César Aira ya se había ocupado de él en El congreso de literatura, una novela donde alguien (un novelista, millonario y científico loco también llamado Aira) trataba de clonar a Fuentes para dominar al mundo. Pero Fuguet escribe con rabia algo que Aira ejecuta con una feliz sorna. Sudor es una tragedia, un epitafio, tierra sobre un ataúd. Por eso acá José Donoso cobra importancia: en el inmenso elenco de la novela se cuelan también personajes de El jardín de al lado, como Marcelo Chiriboga y Núria Monclús. No es azaroso. Hay una continuidad ahí. De hecho, Donoso (quien fue compañero de curso y vivió en la casa de Fuentes) escribió su propia historia feliz del Boom en 1972, para luego ironizar sobre su levedad en El jardín…, que es de 1981. Ahí prefiguraba el horror doméstico que su hija Pilar pondría en Correr el tupido velo (2009), aquel vacío que suponía el ser hija de un novelista genial en una época donde todos eran novelistas geniales.

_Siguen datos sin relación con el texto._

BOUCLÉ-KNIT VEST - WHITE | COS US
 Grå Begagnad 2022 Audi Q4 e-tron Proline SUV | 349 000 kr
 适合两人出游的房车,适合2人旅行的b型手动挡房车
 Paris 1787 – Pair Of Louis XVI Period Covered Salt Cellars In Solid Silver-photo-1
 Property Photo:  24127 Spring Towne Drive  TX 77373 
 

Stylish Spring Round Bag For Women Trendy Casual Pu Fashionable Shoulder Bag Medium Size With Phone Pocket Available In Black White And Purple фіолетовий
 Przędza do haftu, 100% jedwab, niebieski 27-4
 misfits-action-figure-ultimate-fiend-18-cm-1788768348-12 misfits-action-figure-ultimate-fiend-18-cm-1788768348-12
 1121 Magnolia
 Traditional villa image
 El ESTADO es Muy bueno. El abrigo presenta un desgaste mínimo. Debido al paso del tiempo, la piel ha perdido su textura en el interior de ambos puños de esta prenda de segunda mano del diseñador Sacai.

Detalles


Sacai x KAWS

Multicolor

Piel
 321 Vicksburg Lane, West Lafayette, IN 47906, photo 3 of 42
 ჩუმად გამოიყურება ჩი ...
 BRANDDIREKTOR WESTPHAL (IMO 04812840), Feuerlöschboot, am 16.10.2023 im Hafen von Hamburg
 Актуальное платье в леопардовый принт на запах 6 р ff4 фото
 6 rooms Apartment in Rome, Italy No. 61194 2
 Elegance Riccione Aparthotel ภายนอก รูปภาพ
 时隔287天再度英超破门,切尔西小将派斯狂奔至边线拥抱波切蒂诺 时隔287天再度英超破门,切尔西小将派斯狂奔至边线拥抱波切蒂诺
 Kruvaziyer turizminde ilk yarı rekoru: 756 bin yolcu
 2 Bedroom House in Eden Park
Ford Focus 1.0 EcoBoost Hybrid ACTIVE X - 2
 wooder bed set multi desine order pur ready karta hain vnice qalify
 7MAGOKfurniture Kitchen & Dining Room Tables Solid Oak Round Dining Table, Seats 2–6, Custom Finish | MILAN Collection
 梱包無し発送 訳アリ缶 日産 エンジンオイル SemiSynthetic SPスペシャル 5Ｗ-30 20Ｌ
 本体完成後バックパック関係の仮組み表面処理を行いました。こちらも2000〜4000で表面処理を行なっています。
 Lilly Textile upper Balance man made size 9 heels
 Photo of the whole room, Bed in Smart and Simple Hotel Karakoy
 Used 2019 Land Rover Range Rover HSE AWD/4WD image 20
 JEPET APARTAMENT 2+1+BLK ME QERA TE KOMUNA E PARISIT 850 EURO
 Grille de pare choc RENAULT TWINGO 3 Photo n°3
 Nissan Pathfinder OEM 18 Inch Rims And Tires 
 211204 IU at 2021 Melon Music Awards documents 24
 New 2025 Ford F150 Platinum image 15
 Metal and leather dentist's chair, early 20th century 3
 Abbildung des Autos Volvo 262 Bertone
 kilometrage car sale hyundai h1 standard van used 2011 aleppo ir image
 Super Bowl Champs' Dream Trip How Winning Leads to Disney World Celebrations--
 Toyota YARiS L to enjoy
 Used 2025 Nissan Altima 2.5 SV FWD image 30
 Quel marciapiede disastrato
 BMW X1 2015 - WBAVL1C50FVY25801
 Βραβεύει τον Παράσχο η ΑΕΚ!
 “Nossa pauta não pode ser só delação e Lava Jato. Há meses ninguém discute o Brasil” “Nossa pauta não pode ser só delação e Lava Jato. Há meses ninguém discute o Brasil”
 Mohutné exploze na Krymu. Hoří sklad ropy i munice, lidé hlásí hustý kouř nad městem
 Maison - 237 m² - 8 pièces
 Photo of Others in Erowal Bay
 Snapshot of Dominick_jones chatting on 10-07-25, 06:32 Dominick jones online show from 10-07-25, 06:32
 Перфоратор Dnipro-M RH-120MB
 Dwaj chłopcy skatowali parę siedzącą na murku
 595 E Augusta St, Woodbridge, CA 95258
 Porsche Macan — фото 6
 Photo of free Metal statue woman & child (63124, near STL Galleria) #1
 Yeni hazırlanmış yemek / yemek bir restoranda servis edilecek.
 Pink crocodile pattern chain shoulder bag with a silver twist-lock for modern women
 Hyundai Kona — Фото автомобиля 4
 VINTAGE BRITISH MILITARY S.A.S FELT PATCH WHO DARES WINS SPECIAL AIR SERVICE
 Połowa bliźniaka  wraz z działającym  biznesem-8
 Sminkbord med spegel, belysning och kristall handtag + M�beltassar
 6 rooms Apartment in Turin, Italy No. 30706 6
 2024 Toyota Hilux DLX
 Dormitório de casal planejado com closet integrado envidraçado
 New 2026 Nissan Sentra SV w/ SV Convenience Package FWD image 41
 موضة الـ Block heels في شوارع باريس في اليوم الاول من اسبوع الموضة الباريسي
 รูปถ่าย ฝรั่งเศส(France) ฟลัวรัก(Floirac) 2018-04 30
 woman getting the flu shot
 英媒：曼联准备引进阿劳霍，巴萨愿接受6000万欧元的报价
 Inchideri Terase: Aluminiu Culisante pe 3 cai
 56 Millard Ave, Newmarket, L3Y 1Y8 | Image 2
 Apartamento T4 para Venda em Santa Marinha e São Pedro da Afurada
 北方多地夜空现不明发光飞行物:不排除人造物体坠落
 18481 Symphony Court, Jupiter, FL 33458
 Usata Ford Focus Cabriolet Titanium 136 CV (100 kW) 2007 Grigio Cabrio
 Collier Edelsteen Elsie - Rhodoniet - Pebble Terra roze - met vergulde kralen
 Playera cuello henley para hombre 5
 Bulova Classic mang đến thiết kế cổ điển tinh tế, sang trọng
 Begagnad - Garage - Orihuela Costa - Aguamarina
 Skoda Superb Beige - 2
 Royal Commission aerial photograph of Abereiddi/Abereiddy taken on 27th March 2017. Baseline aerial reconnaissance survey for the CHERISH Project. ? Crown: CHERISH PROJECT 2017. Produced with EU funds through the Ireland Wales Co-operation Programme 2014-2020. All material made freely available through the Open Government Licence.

Gracias a lo anterior, Sudor tiene la forma de un ritual funerario porque lee a los escritores del Boom desde la mirada de sus hijos y nietos, todos abandonados y solos, atrapados por el legado de padres que los dejaron a la deriva, perdidos en los pliegues de sus sombras donde no les queda más que representar la pantomima que les han dejado como migajas de su propia biografía. Fuguet incorpora todo eso acá. Se venga de todos. Sudor se nutre de esas ideas de Donoso, pero también huye de ellas. Alfredo, el narrador, se pasea por esa Venecia devastada que puede ser la literatura chilena o latinoamericana, una fiesta donde lo único que queda del Boom no son sus novelas sino sus hijos vueltos fantasmas, todos cadáveres que caen al suelo y sin sangre en medio de la pista de baile.